「原子力をCDMに」との主張で日本が「化石賞」を受賞
2011/10/05
温暖化担当の山岸です。
国連の気候変動会議が開かれているパナマに来ています。
6月に開催されたドイツ・ボンの会議に続き、今回の国連気候変動パナマ会議でも、日本が化石賞を受賞してしまいました。化石賞は、国連の温暖化防止会議において、その日に最も「後ろ向きな主張」をした国に対して与えられる不名誉な賞です。
受賞の理由は前回と同じく「原子力発電をクリーン開発メカニズム(CDM)の中で認められる活動にすべし」という主張によって、です。

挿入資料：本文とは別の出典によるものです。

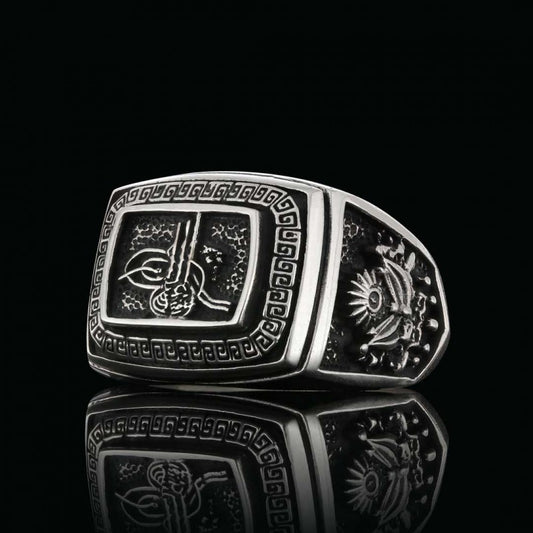 Stoneless Ottoman Tughra 925 Sterling Silver Ring Men by SWISS PLUS - Ottoman Jewelry Collection - view 2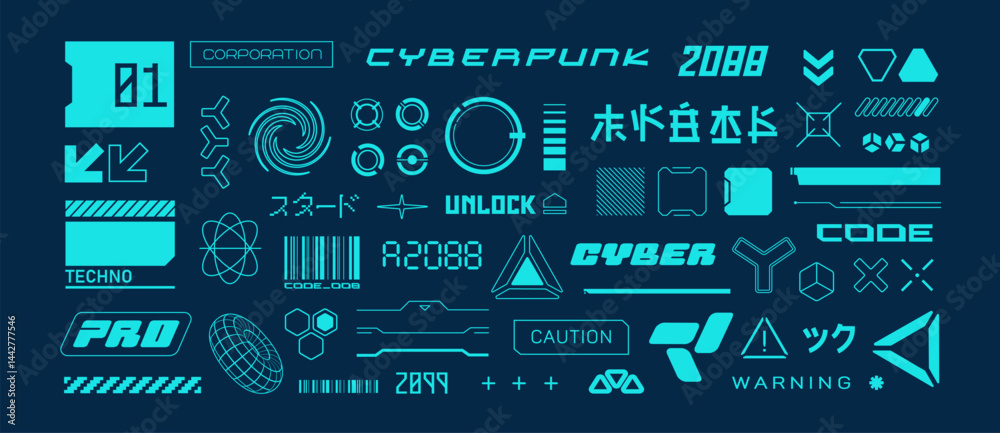Fototapeta premium Futuristic sci-fi elements in Cyberpunk style for t-shirt print and game design. Futuristic HUD elements with Japanese text inscription. Futuristic emblems and signs for silkscreen clothing (2)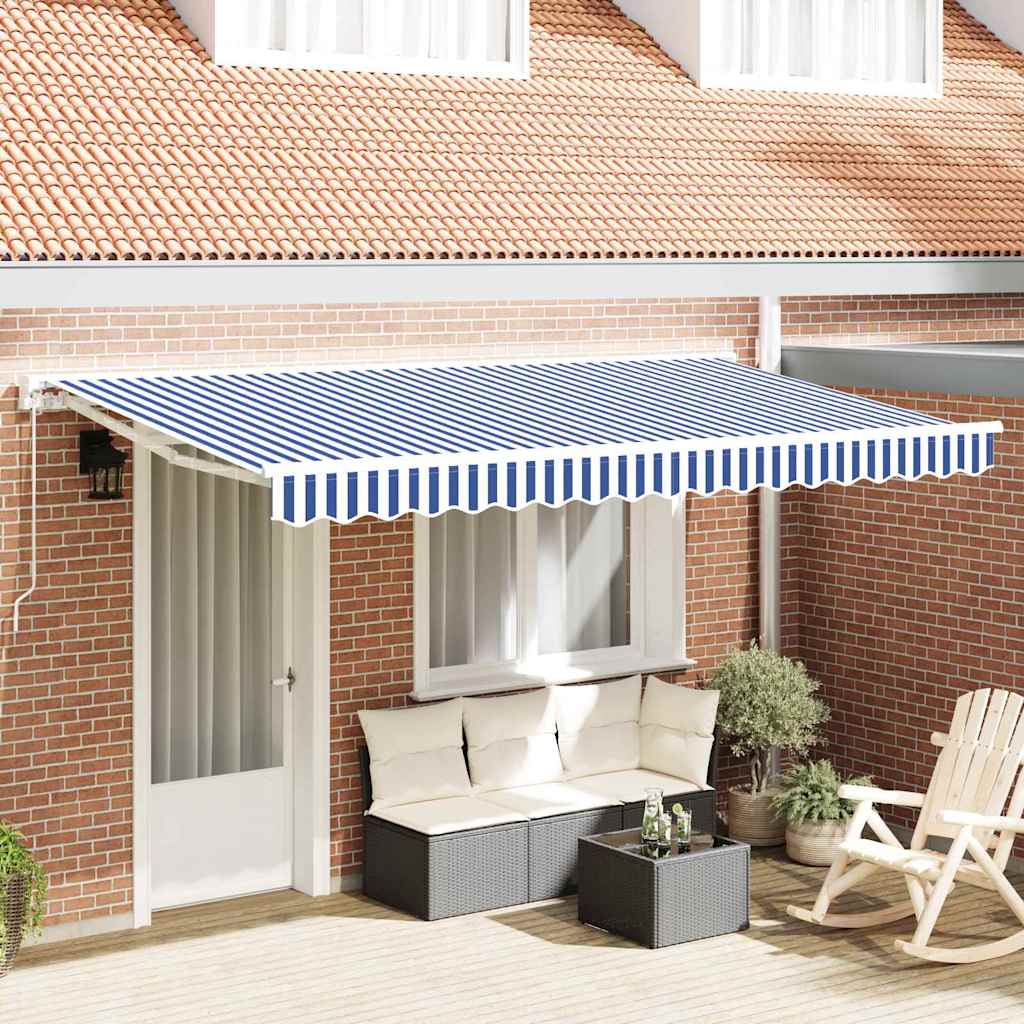 Reservedug til markise Blå og Hvid 4 x 2 m Polyester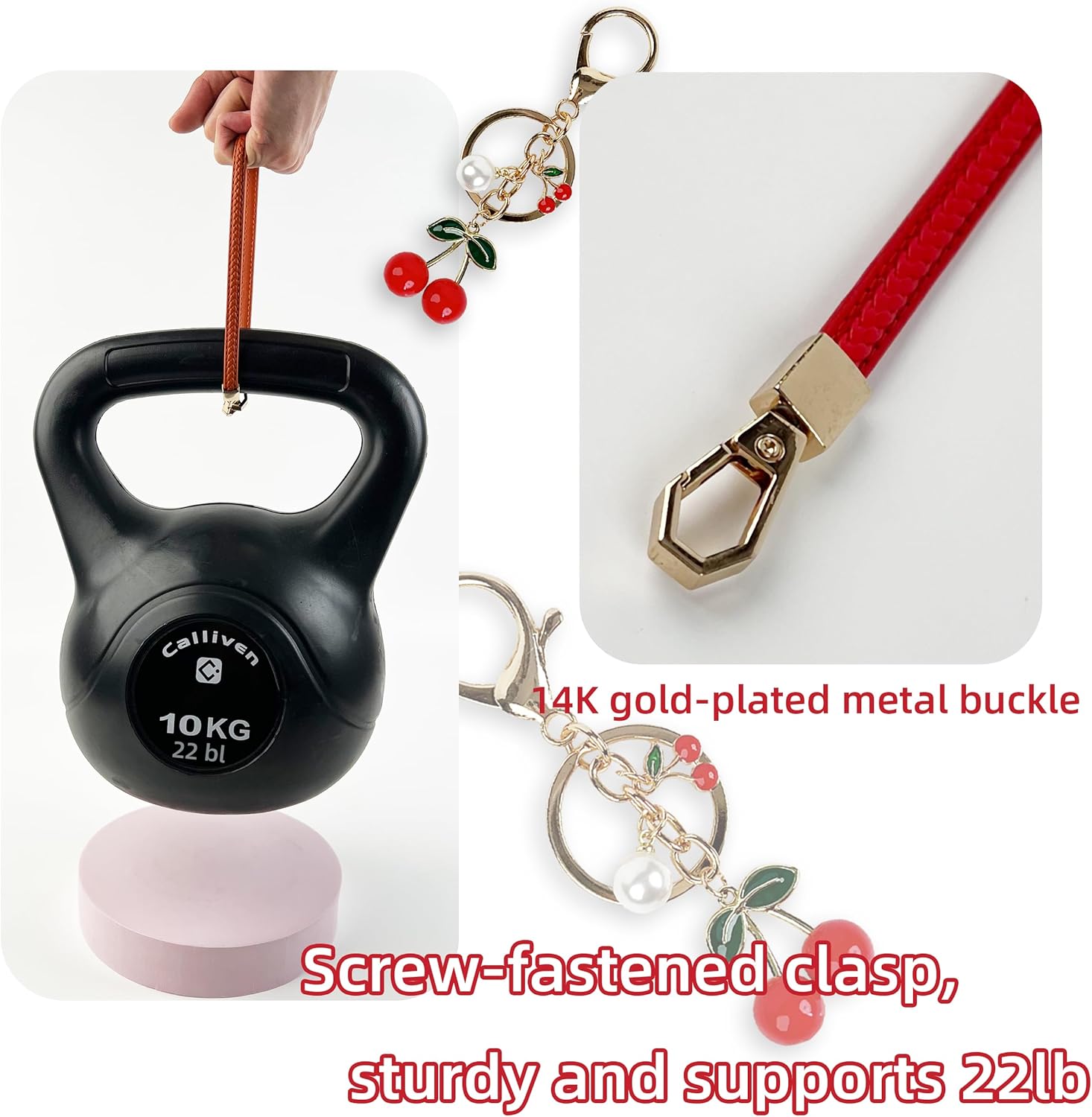 Handle Strap and Cherry Charm Set for Owala Water Bottle 24 oz, 32 oz, 40 oz, Owala Kids, Owala Coffee Tumbler, Owala FreeSip – Includes Handle Strap, for Owala Accessories & Stanley Cup Accessories - Image 3
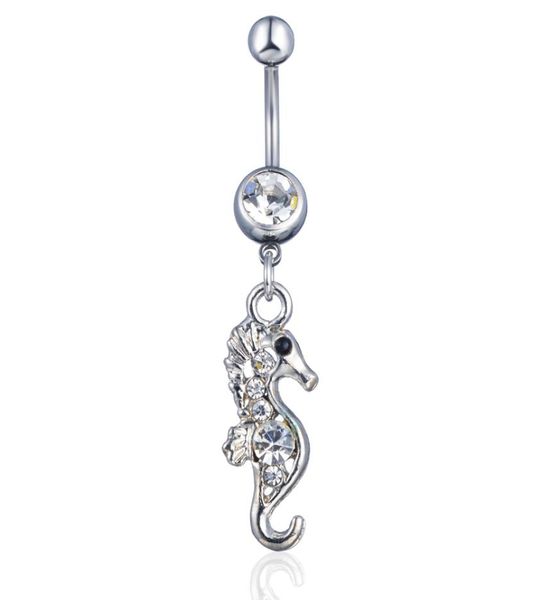 

d0282 2 colors the seahorse style belly button navel rings with mix8472975, Silver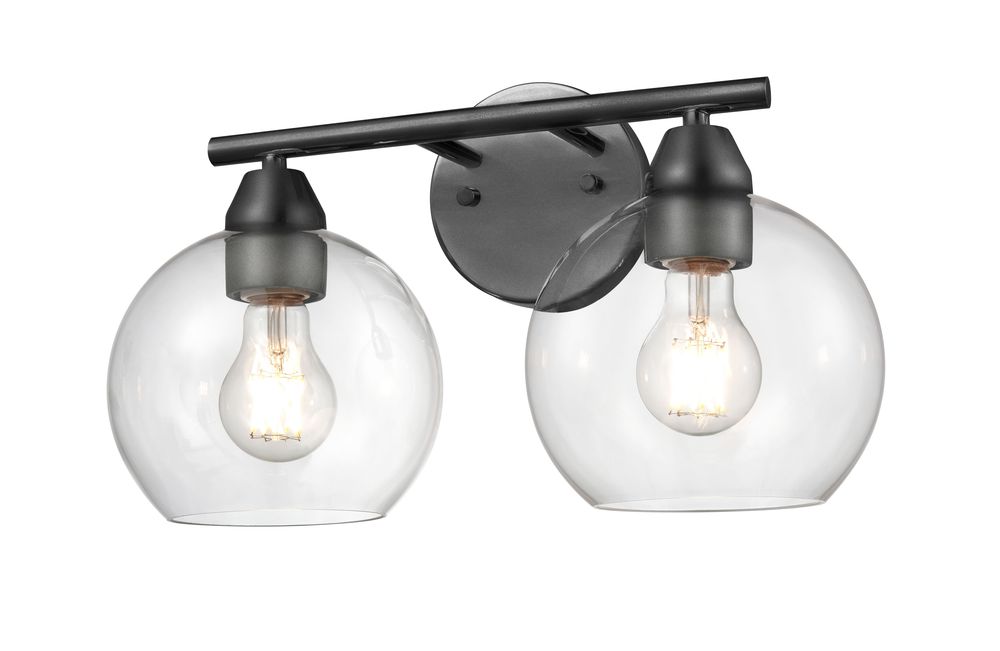 ROMEDA Bathroom wall sconce Graphite - DVP34722GR-CL | DVI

CDMは、京都議定書の中で認められている仕組みで、先進国が温室効果ガスの削減目標を達成する際に、途上国で行なったプロジェクトでの排出量削減を「クレジット」として得て、目標達成に加算できる、というもの。
現行のルールでは、原則的に原発はCDMのプロジェクトとして使えませんが、日本政府は以前から「原子力発電を新たにCDMのプロジェクトとして認められるようにすべし」と、主張。今の交渉の中で、そのルールを改めることを求めてきました。
そして今回、その「認められるようにする」という選択肢を、交渉されている文書から削ることを、日本はインドと共に拒否しました。
これはつまり、原発を途上国に輸出し、自国の削減目標達成に利用しよう、ということです。
福島での原発事故が、今も多くの人を苦しめ続け、事故の検証すら終わっていない中、当事国である日本がこのような主張することについて、国際的な市民社会からは、もはや困惑に近い驚きと、批判の声が挙がっています。
これを推進する人たちは、いずれにせよ原子力の拡大が進む途上国では、まだ日本の技術が入った方が安全に運用できるはずだ、と主張します。でも、その「安全神話」の驕りこそが、そもそも今回の事故を招いたのではなかったのでしょうか?
日本政府は、エネルギー政策だけでなく、こうした国際交渉での原子力の扱いについても、根本的に見直すべきです。